On October 6, 1923 renowned astronomer Edwin Hubble discovered a pulsating star in the Andromeda Galaxy which quickly led to the revolutionary discovery that M31 is a galaxy unto itself 2.5 million light-years away, and not a gaseous cloud of stars within our own Milky Way...
I've begun the process of capturing data points in an effort to construct the star's light curve. I was hoping to use my lowly 71mm f/5.9 refractor and Bortle 5 skies but alas it is not feasible according to my calculations. At minimum light (magnitude 19.8) the required integration time would take days to complete.

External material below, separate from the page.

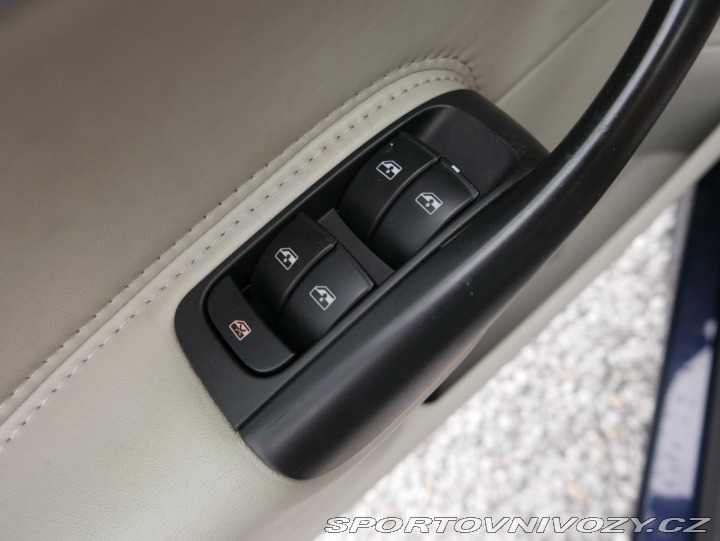Saab 9-3 Combi 2,8T V6 188kW REZER 2008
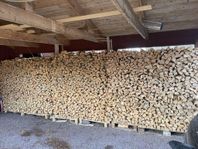 VED BJÖRK i 60L säck el i stjälpt kubik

I turned to Pier 12 for help, an RC Optical Systems (RCOS) 12.5-inch Ritchey-Cretien. Last night I grabbed a one-hour time slot and captured 12x 5-minute subs. According to my calculations the 60-minute stack would have yielded a good signal-to-noise ratio. Unfortunately M31 was not high enough in the sky to yield that kind of quality so I discarded 10 of the 12 subs, and stacked the remaining two for a total integration time of only 10 minutes.

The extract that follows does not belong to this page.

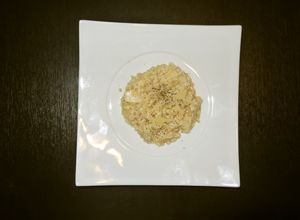 パルミジャーノ・レッジャーノのリゾット-レシピのメイン写真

The screenshot below is from a program called AstroImageJ (AIJ). I use it for all photometry and exoplanet work. There is one green bulls-eye and two red ones. The red "apertures" are known constant brightness comparison stars: C2 is magnitude 15.522 and C3 is magnitude 16.01. The green aperture I placed on top of Edwin Hubble's variable star. You can see from the screenshot that AIJ calculated the magnitude as 19.168. Just now I looked at an ephemeris and see that the magnitude was expected to be around 19.2. So it works!
This is pretty amazing considering only 10 minutes integration time but the sad part is the accuracy is not very good. AIJ computed the error to be 0.155 magnitudes. Well, I wouldn't say that is unusable but I know I can do better. What's worse is that the star at minimum light of 19.8 may not even be detectable with only 10 minutes integration time. Thankfully, M31 grows higher in the sky with each passing night so it is increasingly possible to obtain better quality data. The first frame of last night's data was captured at only 34 degrees above the horizon, and the last frame at 46 degrees. The frame quality increased as time went on.